● **Supplied data**

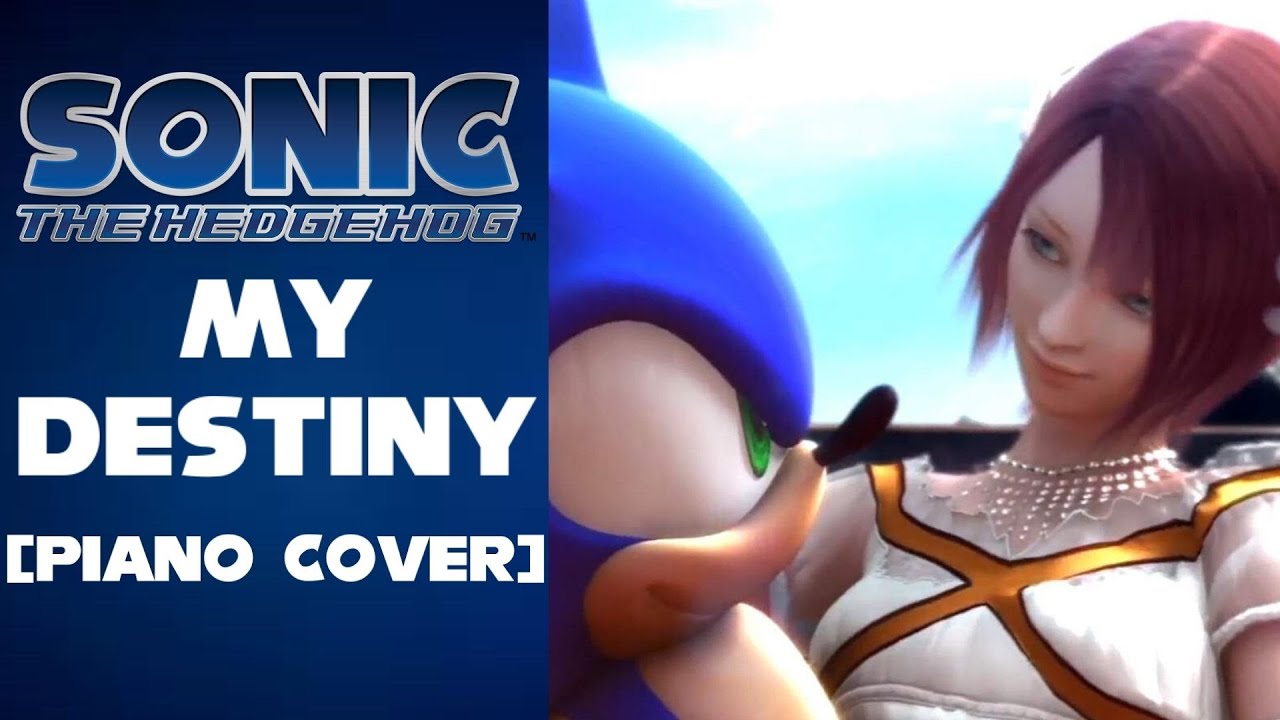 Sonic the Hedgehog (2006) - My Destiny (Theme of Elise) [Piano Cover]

...

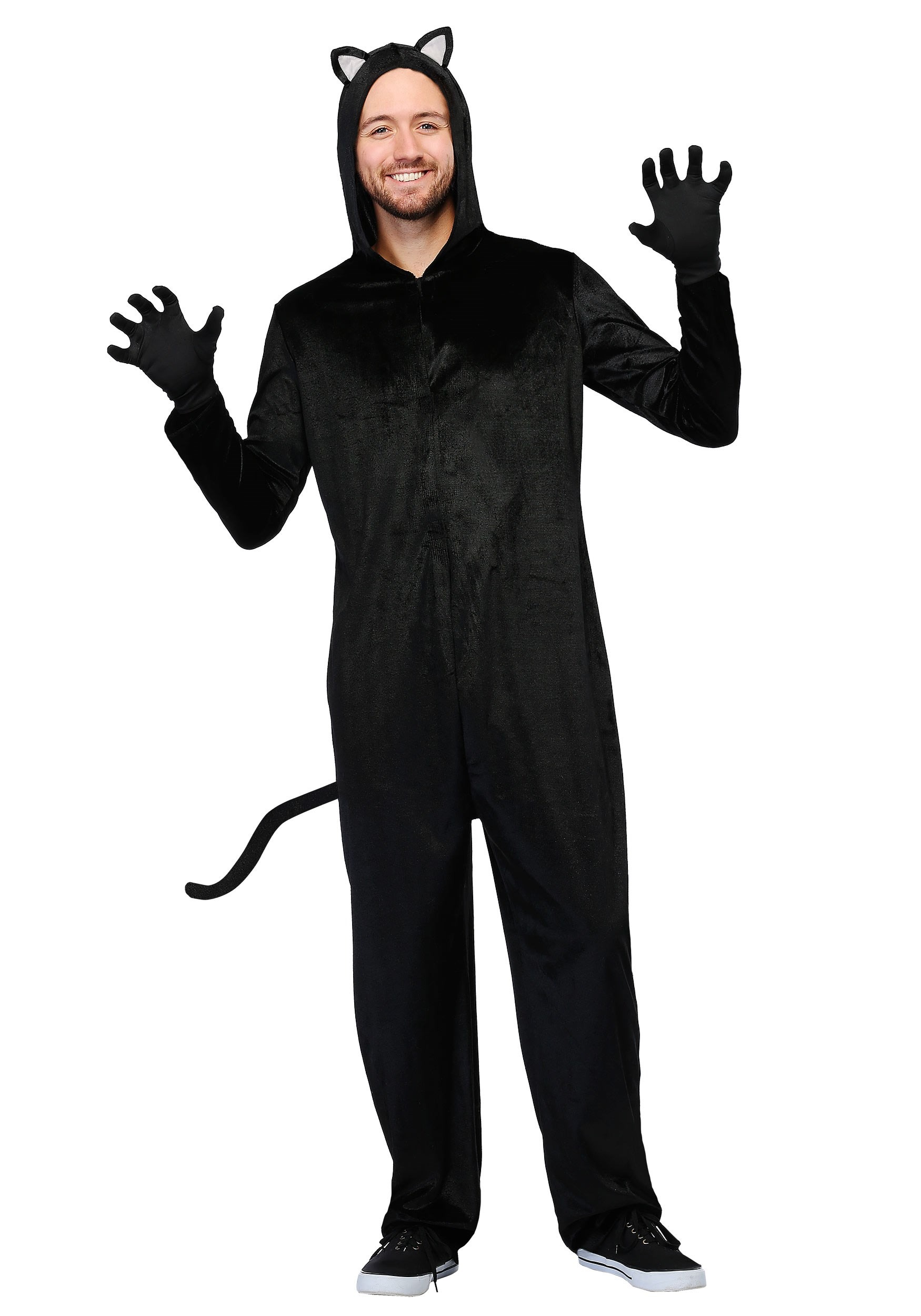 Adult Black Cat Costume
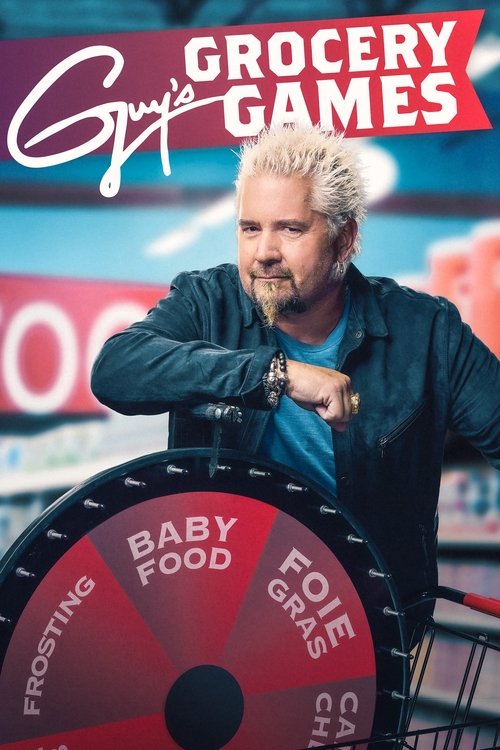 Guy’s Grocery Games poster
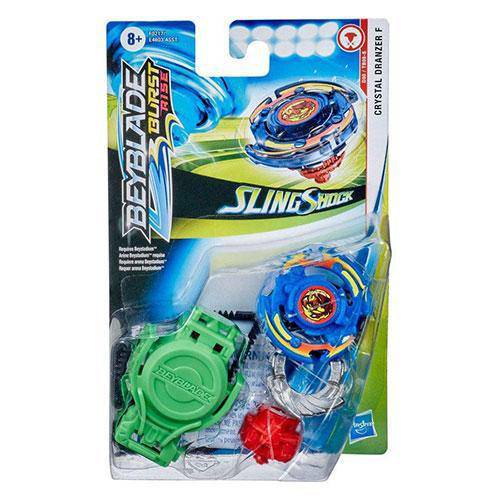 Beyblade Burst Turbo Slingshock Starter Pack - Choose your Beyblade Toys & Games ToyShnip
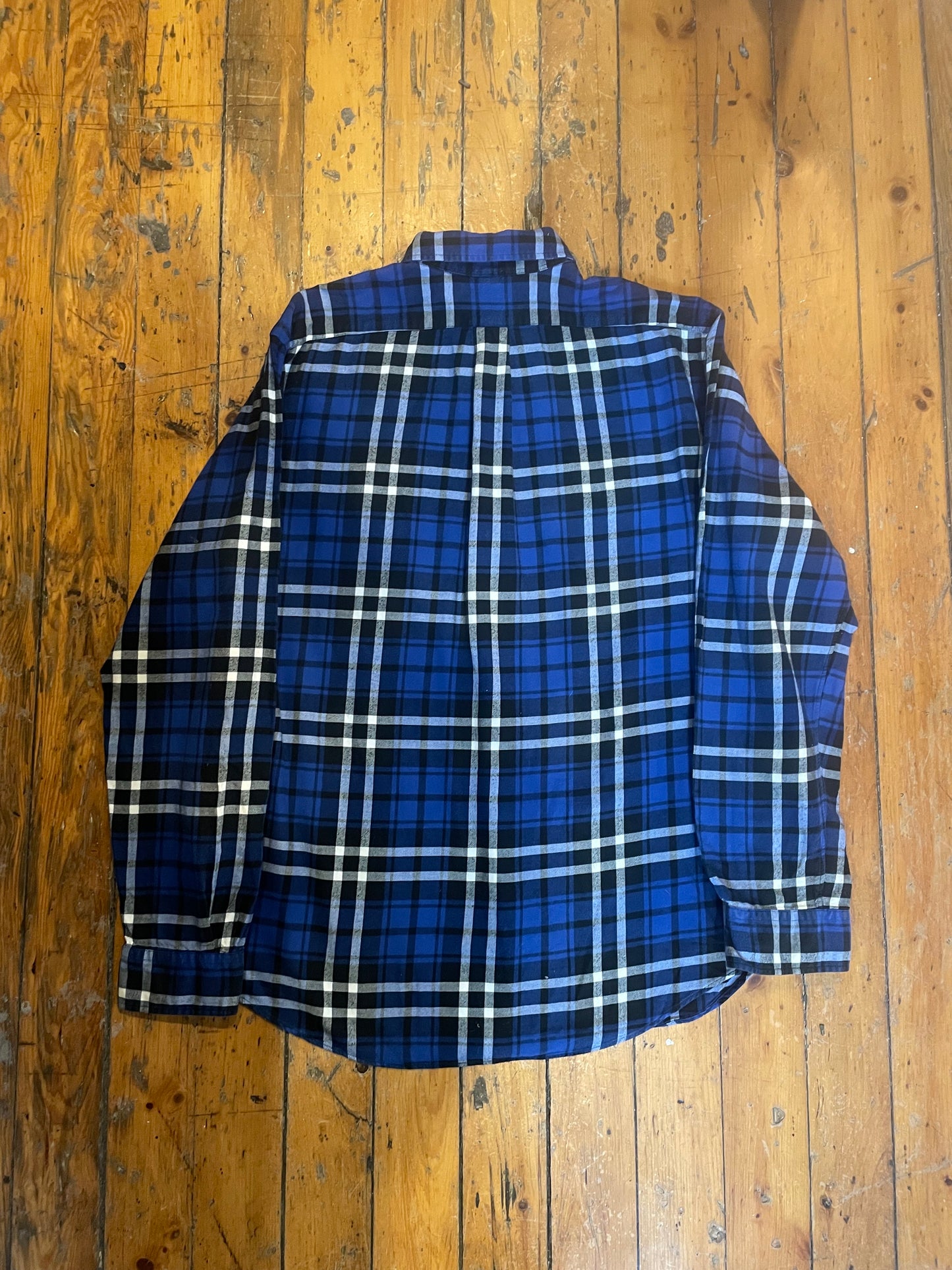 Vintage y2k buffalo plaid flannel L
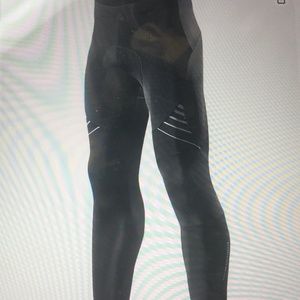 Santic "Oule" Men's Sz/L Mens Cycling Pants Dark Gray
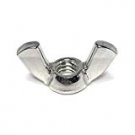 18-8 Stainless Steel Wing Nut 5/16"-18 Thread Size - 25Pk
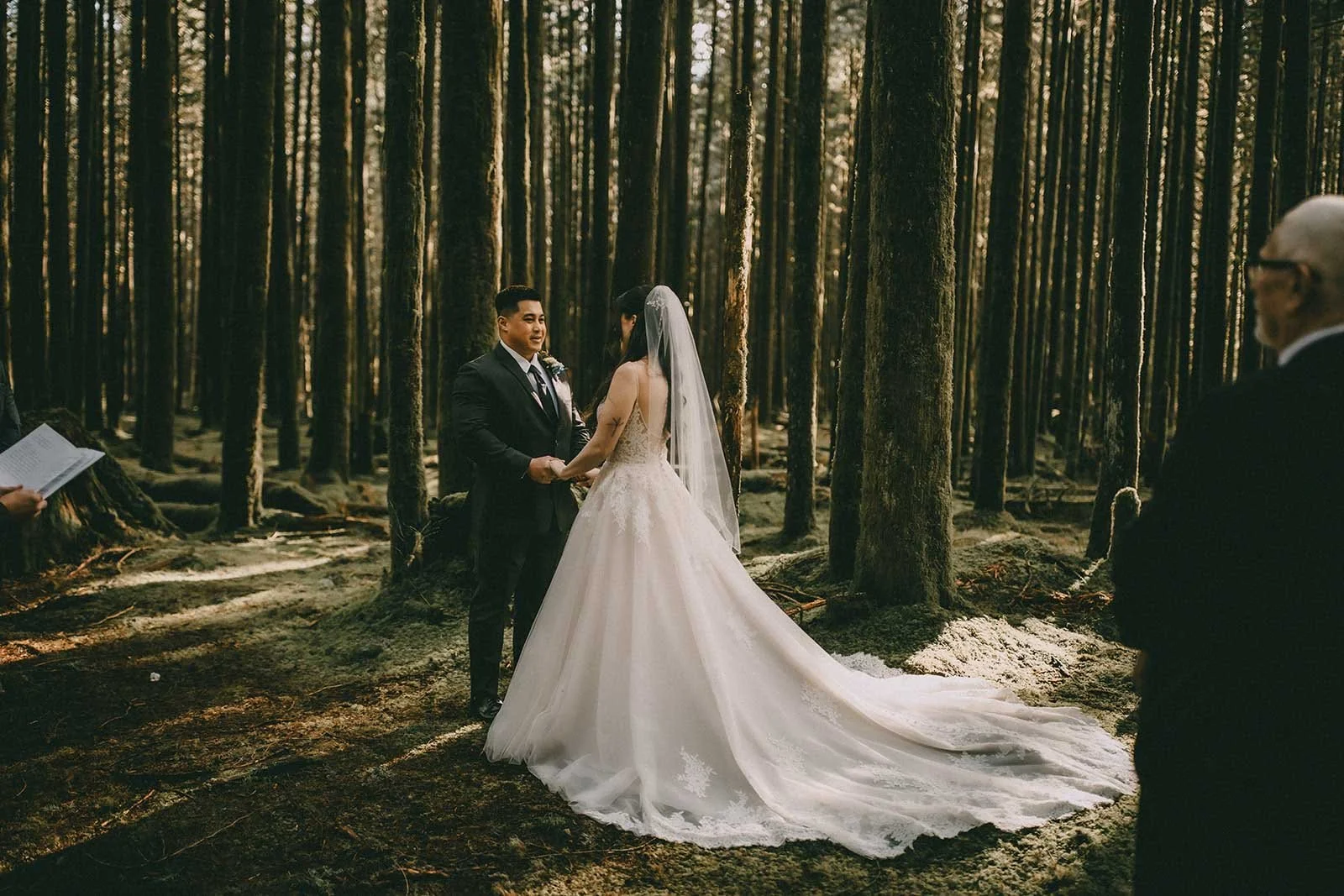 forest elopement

● **Description of the task**
Starting at the line above that holds "18-8 Stainless Steel", repeat every line exactly down to and including the line that holds "forest elopement", then stop. Do not carry over any pictures.

● **Answer box**
 18-8 Stainless Steel Wing Nut 5/16"-18 Thread Size - 25Pk
 forest elopement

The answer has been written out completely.